The copy must match the data word for word and contain no pictures.

(SOURCE MATERIAL begins)

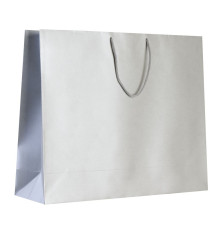 Пакет бумажный «Блеск», большой, серебристый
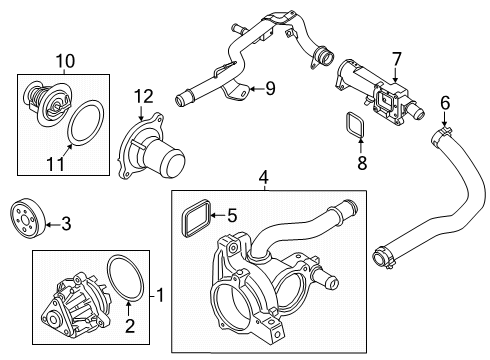 2024 Ford Ranger Water Pump Pulley Diagram for HJ5Z-8509-B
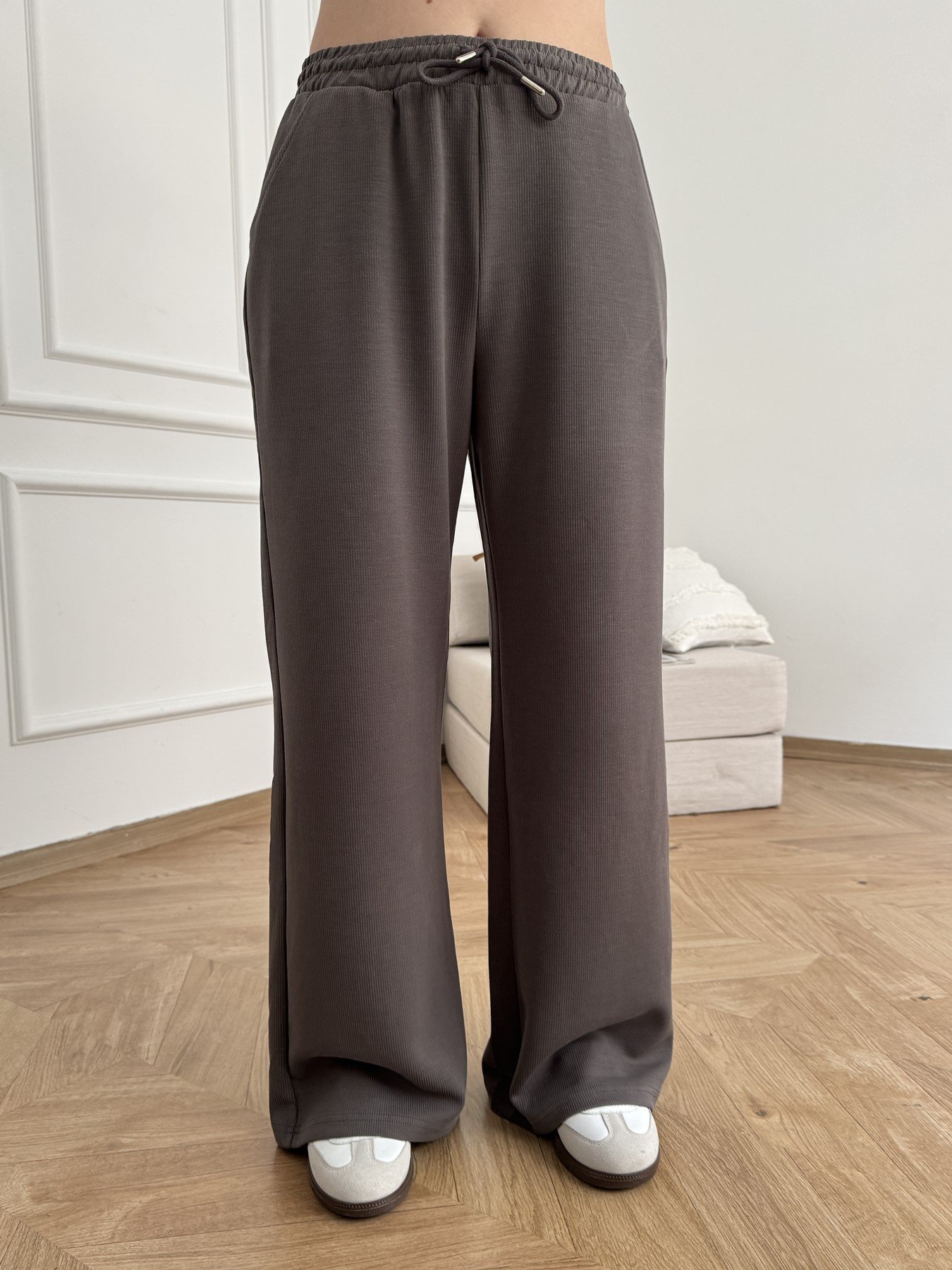 Beli İpli Relax Fit Eşofman Kömür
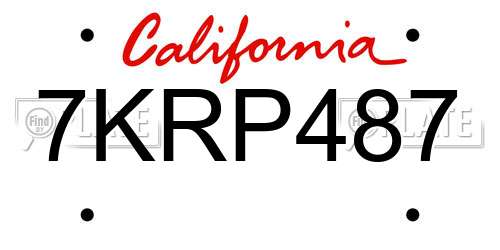 7KRP487 California License Plate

(SOURCE MATERIAL ends)

**ANSWER SECTION**
 Пакет бумажный «Блеск», большой, серебристый
 2024 Ford Ranger Water Pump Pulley Diagram for HJ5Z-8509-B
 Beli İpli Relax Fit Eşofman Kömür
 7KRP487 California License Plate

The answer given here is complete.